▼▼▼
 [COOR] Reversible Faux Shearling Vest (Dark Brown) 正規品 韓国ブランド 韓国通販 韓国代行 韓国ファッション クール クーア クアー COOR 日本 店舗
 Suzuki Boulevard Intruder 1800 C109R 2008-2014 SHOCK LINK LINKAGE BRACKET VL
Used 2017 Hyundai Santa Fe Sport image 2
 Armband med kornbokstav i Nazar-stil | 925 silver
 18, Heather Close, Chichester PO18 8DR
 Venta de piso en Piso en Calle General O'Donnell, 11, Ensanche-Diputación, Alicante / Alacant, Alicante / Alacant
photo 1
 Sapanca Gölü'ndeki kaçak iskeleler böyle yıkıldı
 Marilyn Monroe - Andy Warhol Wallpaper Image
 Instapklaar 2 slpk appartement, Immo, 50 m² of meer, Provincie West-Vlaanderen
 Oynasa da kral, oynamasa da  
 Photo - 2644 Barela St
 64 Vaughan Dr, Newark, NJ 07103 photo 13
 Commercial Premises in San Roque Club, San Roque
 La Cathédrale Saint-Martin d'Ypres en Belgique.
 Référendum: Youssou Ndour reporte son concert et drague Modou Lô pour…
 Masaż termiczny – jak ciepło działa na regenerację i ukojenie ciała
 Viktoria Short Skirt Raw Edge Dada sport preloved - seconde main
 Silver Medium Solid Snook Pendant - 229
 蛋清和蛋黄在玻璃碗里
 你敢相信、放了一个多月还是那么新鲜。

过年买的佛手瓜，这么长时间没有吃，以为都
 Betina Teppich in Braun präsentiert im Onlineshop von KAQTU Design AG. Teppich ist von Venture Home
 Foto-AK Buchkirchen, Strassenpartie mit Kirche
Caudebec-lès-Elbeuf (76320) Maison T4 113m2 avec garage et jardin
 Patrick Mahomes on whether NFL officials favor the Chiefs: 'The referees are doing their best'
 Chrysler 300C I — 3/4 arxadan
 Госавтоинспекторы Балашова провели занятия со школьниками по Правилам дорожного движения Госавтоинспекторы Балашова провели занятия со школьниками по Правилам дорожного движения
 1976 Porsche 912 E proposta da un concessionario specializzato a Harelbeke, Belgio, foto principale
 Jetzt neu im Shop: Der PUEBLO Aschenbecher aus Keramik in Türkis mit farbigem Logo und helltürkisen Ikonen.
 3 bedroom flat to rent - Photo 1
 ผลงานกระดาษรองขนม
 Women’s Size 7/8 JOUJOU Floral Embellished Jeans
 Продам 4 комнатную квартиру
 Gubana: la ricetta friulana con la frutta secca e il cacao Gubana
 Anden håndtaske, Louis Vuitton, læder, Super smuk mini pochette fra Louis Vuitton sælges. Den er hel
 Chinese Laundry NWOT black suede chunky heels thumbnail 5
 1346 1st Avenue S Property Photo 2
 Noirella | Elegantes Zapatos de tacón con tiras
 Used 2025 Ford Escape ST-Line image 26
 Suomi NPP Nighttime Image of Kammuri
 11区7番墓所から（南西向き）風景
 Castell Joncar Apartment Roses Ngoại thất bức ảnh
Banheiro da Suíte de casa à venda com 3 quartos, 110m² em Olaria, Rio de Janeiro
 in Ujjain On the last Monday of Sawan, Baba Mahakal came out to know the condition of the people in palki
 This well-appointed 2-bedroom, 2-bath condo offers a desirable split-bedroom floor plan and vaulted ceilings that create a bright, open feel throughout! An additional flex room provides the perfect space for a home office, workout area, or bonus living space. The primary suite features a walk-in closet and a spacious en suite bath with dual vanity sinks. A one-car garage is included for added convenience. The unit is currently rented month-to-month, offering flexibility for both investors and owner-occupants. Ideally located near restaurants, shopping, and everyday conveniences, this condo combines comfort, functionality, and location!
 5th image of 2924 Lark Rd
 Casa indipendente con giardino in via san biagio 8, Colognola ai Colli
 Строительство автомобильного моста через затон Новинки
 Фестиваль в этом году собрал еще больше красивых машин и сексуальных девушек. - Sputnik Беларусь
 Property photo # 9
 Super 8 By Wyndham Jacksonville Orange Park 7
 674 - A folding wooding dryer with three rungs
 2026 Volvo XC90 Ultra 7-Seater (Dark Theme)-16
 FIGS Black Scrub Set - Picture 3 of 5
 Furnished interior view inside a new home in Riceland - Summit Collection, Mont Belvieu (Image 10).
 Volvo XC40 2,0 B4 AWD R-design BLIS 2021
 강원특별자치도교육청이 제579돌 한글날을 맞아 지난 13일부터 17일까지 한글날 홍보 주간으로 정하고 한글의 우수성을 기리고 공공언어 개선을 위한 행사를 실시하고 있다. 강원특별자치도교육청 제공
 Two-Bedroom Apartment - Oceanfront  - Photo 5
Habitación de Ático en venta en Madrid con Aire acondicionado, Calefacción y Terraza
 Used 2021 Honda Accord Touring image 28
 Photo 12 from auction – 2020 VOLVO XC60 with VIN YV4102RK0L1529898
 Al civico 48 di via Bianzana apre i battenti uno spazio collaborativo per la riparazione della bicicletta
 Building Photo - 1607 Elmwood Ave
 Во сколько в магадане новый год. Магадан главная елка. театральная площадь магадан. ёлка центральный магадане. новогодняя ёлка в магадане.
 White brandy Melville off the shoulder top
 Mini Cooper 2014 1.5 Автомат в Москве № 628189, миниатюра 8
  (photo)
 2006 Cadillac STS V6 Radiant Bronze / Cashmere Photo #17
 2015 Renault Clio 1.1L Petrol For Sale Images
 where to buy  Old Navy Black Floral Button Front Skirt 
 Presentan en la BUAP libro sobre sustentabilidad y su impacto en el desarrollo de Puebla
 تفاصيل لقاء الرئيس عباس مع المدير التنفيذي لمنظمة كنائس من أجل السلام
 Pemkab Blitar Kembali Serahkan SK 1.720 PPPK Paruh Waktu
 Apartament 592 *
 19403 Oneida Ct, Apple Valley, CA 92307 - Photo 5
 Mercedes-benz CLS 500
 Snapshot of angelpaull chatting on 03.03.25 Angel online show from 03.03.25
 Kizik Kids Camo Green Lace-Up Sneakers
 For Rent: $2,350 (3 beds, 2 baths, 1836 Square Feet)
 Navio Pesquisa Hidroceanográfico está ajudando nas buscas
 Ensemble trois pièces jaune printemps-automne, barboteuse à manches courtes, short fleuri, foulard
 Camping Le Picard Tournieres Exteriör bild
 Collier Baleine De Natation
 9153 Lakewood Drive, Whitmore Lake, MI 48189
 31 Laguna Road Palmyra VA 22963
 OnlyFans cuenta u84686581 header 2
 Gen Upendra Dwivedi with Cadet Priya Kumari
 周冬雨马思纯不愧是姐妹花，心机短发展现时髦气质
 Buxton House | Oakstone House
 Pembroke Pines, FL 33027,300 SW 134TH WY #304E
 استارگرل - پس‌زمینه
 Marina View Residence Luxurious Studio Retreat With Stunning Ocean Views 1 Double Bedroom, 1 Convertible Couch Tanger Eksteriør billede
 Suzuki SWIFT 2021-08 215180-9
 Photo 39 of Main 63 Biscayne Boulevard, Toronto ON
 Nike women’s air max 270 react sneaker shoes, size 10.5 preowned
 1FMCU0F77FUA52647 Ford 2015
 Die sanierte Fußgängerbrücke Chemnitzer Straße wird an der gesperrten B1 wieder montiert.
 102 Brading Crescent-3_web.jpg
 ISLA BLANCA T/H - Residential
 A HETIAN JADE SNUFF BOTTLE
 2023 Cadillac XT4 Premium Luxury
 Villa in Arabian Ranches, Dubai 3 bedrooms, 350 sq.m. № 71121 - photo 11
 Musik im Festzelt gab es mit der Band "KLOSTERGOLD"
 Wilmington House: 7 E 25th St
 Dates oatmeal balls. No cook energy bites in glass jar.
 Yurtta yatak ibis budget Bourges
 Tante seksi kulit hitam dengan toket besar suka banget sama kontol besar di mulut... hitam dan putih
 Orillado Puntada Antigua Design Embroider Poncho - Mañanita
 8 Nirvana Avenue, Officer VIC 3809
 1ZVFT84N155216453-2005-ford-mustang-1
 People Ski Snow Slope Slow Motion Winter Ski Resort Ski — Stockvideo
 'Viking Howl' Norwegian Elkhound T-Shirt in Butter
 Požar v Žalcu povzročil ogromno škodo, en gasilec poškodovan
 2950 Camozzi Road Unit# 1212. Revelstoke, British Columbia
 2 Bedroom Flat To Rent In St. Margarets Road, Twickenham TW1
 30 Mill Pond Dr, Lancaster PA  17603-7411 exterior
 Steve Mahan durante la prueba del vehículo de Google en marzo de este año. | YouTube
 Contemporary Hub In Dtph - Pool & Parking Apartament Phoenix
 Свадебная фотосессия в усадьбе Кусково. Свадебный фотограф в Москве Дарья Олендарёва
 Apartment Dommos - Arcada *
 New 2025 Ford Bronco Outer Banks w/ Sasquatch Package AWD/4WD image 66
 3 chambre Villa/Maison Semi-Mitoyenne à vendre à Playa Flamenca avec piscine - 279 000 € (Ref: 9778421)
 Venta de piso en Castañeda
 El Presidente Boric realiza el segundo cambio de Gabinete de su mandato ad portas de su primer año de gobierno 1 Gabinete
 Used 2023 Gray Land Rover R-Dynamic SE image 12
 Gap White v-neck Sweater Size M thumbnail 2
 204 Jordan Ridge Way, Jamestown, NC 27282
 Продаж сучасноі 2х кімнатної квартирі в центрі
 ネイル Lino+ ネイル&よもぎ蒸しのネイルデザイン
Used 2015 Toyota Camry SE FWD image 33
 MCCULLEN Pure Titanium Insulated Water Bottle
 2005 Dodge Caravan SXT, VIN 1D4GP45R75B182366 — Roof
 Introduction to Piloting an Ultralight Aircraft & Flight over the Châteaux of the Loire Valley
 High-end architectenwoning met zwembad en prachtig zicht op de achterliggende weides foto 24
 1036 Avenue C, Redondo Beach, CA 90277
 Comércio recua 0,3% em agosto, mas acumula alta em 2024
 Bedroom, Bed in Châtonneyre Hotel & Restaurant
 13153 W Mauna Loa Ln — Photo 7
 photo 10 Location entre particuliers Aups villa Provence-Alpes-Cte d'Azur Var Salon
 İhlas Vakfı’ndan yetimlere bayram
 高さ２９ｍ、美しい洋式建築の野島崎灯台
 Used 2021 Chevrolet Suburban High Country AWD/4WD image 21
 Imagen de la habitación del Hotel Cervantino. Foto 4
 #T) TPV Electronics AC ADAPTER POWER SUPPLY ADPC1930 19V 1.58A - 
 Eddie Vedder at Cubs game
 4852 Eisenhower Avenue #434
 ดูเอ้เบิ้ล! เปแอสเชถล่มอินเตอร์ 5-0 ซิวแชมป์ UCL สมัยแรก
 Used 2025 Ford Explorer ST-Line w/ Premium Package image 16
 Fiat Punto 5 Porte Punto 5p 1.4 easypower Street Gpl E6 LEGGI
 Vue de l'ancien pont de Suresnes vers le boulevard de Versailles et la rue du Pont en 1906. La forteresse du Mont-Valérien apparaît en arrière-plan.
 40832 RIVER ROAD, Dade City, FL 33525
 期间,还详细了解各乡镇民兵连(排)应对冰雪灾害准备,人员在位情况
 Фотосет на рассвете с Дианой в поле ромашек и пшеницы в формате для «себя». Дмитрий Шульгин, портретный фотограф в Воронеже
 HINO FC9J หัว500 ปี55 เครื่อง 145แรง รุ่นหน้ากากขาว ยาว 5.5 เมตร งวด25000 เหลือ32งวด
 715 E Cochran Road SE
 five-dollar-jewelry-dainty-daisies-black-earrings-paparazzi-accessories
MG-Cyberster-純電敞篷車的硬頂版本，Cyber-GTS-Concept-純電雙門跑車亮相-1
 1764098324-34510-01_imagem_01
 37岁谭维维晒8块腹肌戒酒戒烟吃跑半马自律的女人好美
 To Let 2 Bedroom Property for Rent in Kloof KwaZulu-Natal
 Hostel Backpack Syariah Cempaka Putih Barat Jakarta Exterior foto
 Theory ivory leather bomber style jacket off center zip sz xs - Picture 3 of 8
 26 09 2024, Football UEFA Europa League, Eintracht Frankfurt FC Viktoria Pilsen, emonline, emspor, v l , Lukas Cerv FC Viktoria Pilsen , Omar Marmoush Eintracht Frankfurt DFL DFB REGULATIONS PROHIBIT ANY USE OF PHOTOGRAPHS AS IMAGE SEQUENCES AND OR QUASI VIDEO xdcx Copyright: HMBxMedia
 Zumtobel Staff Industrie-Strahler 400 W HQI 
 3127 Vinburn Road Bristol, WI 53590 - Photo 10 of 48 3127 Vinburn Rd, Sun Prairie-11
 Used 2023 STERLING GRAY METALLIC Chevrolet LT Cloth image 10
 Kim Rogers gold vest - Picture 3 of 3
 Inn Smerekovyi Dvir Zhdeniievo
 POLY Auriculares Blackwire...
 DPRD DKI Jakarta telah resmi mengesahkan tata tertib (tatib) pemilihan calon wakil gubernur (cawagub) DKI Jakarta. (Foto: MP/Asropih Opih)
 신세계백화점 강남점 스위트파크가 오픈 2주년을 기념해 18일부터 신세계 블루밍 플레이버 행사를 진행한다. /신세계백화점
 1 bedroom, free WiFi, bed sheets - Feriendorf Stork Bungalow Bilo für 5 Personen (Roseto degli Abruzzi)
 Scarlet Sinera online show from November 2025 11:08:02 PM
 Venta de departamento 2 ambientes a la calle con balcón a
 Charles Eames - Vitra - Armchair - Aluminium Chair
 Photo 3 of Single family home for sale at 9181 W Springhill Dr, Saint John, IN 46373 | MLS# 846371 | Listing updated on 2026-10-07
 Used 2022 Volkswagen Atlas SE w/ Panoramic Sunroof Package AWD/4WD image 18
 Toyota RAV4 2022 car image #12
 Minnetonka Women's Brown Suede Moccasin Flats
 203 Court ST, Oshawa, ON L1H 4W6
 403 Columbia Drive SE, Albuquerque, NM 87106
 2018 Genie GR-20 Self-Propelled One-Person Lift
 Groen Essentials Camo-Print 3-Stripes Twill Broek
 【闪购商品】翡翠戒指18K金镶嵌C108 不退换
▲▲▲
**Task statement:** Check each line of the listing for the word "avec" and state how many lines contain it, with no other words.

**Task answer:** 2